Whatever the future may hold: The green shift is already happening. 

As the global climate goals for 2030 and 2050 have become increasingly tangible, the notion of sustainability has become more concrete than ever before.

As one of Norway’s largest corporations, the Olav Thon Group (OTG) has a special responsibility towards creating a better society for the next generations.

Although OTG has worked systematically with sustainability since 2012, a new strategy will push the group’s efforts even further in the right direction, according to OTG’s Sustainability Advisor Anders Nandrup Rylander.       

– Our sustainability goals represent the guidelines for our sustainability work ahead. It lays the path for our transition into becoming increasingly sustainable, with ambitions and goals well into the future. Anders Nandrup Rylander, Sustainability Advisor, The Olav Thon Group

Many things at once

OTG has chosen three pillars, based on the UN's 17 Sustainable Development Goals, for their strategy – climate and nature, circular solutions and social justice.

– Sustainability is a lot of different things at once, so we work in different ways within every issue. Some of our main goals are securing eco-friendly buildings operated by circular principles, while at the same time maintaining social justice within our own business and value chain, says Anders Nandrup Rylander.

– Examples include working to BREEAM-certify new and existing buildings, making sure tenants sort their waste and establishing production of renewable energy on a number of properties. We will evaluate our value chain as well, while establishing a strategy for equality and inclusion in our own business. 

Beehives and new technology 

Recently, Ski Storsenter, one of 90 shopping centers in the OTG portfolio, was awarded with the NCSC Sustainability Award for 2022. 

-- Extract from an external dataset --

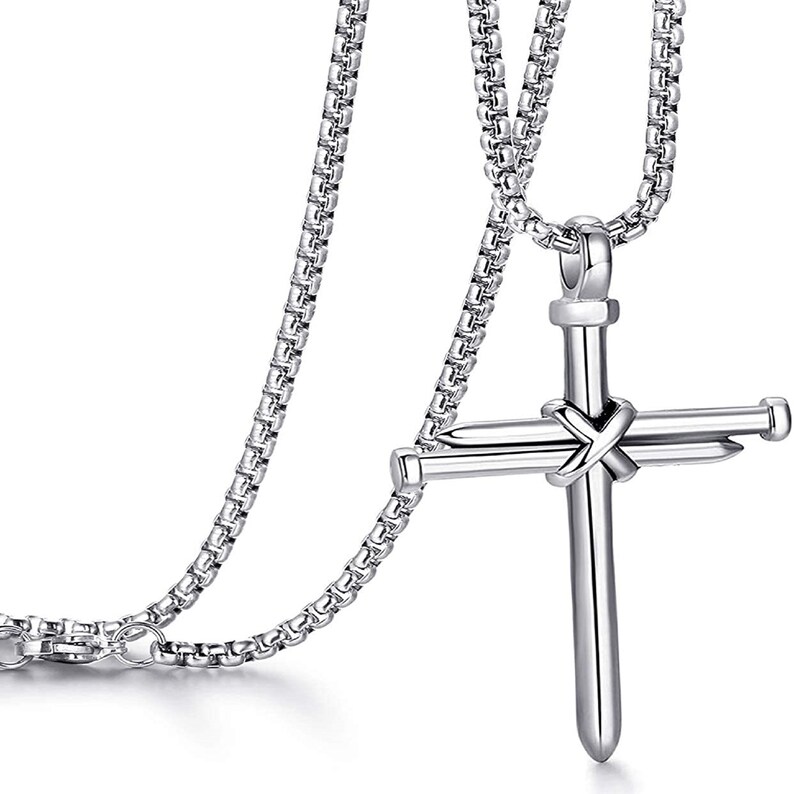 Cross Necklace Menboys Cross Necklaceboys Cross Pendant Etsy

Sensors measuring energy use and smart waste solutions are just two of the reasons why the jury singled out the shopping center located just outside Oslo. In addition, beehives on the roof and a spacious garden surrounding the center, with 5,000 bee-friendly plants, takes the concept of sustainability down to its essential form.

Thomas Rønning, Director of the Real Estate Division of OTG, is both proud and impressed with what the center has accomplished.

– Both the operational team and the management in Ski has gone into this with an impressing level of detail. There’s a lot of creativity and motivation behind this award, says Rønning. 

Infinite possibilities

Traditionally, the property business has been one of the main offenders when it comes to emissions and lack of a strategic approach to sustainability. While this is steadily changing, due to both customer awareness and stricter international policies, there are still challenges ahead, says Anders Nandrup Rylander.

– The biggest sustainability challenge in our industry is perhaps reuse of materials, especially building materials. The regulations that are underway may contribute to making this easier in the future. However, because it has been so strictly regulated, the industry lacks experience with reuse of materials. So it will probably take some time for us to fully embrace this. 

The sustainability advisor is nevertheless excited about the opportunities that arise with the green shift.

– Personally, I believe that in many ways we’re only at the beginning of a transition to sustainable solutions. That makes it a bit difficult to imagine all the possibilities, because there are probably an infinite number of them, says Rylander.

He elaborates:

– Technological development is perhaps the field I have the greatest expectations for. It can be as simple as getting several technical solutions to talk to each other, strengthening the effect from each individual measure. For example, connecting customer counters to ventilation control can potentially have an effect on the energy consumption of a building.